> **Task statement**: Everything in the records below goes into the copy exactly, except the pictures.

> **Records supplied**:
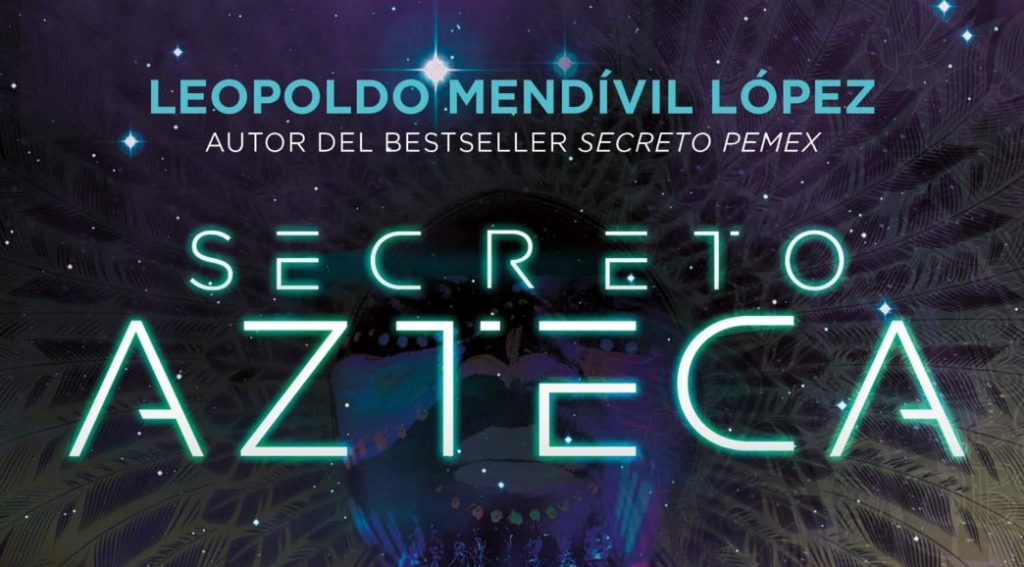 Secreto Azteca descubre cómo la historia del Imperio se hizo a través de magnicidios y creación de mitos 2021 (1)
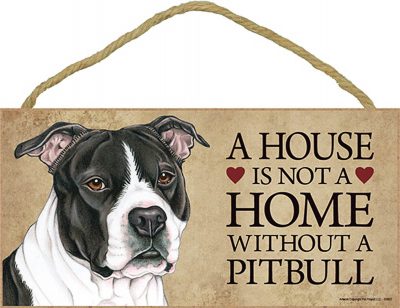 Pitbull Indoor Dog Breed Sign Plaque - A House Is Not A Home Blk Uncropped + Bonus Coaster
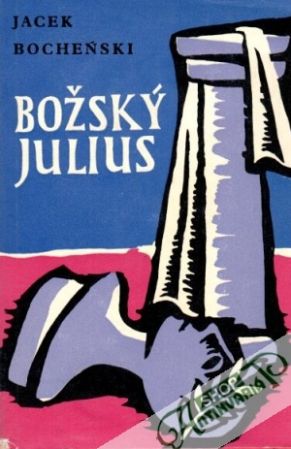 Božský Julius - Bocheňski Jacek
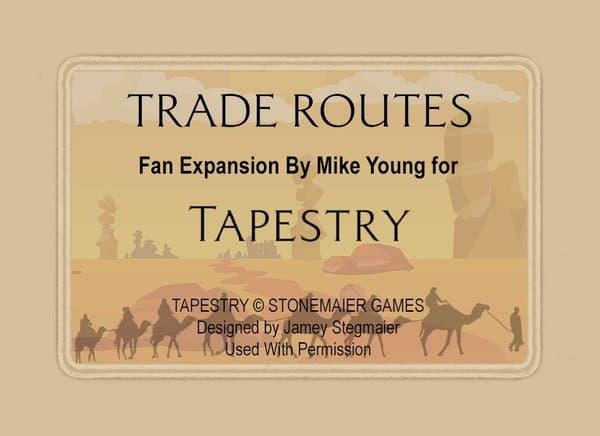 Trade Routes (fan expansion for Tapestry)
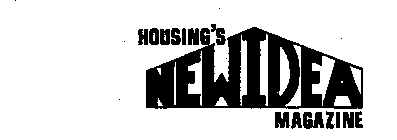 HOUSING'S NEW IDEA MAGAZINE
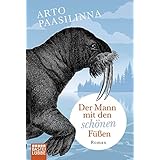 Der Mann mit den schönen Füßen: Roman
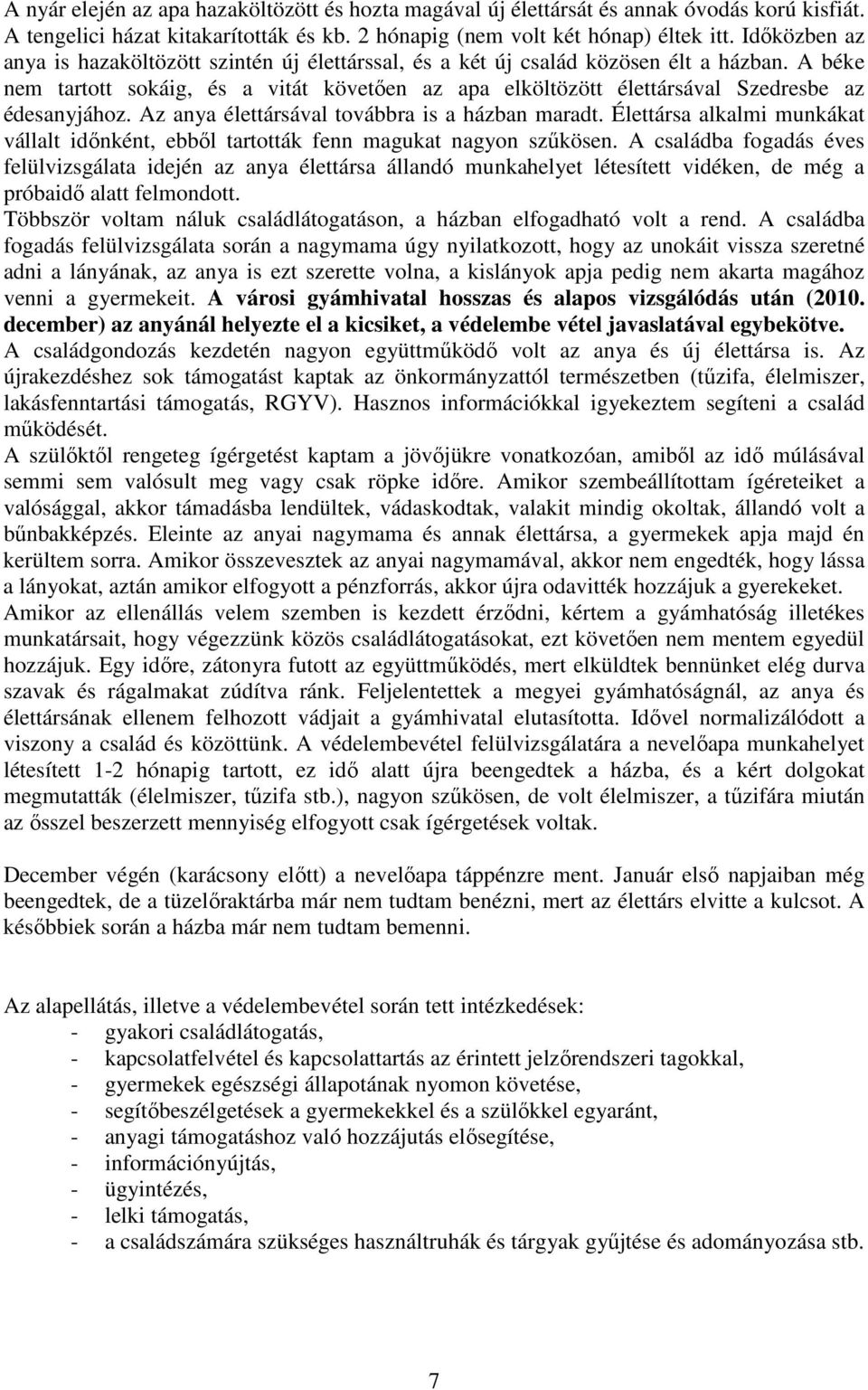 A béke nem tartott sokáig, és a vitát követően az apa elköltözött élettársával Szedresbe az édesanyjához. Az anya élettársával továbbra is a házban maradt.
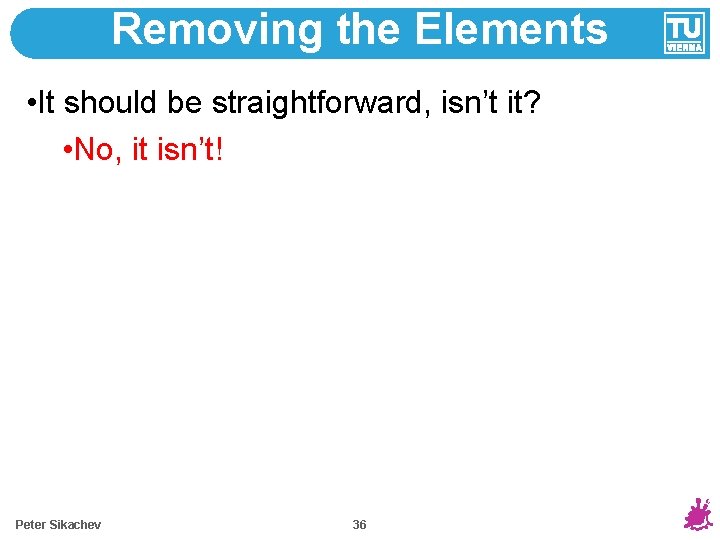Removing the Elements • It should be straightforward, isn’t it? • No, it isn’t!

> **Response box**:
 Secreto Azteca descubre cómo la historia del Imperio se hizo a través de magnicidios y creación de mitos 2021 (1)
 Pitbull Indoor Dog Breed Sign Plaque - A House Is Not A Home Blk Uncropped + Bonus Coaster
 Božský Julius - Bocheňski Jacek
 Trade Routes (fan expansion for Tapestry)
 HOUSING'S NEW IDEA MAGAZINE
 Der Mann mit den schönen Füßen: Roman
 A béke nem tartott sokáig, és a vitát követően az apa elköltözött élettársával Szedresbe az édesanyjához. Az anya élettársával továbbra is a házban maradt.
Removing the Elements • It should be straightforward, isn’t it? • No, it isn’t!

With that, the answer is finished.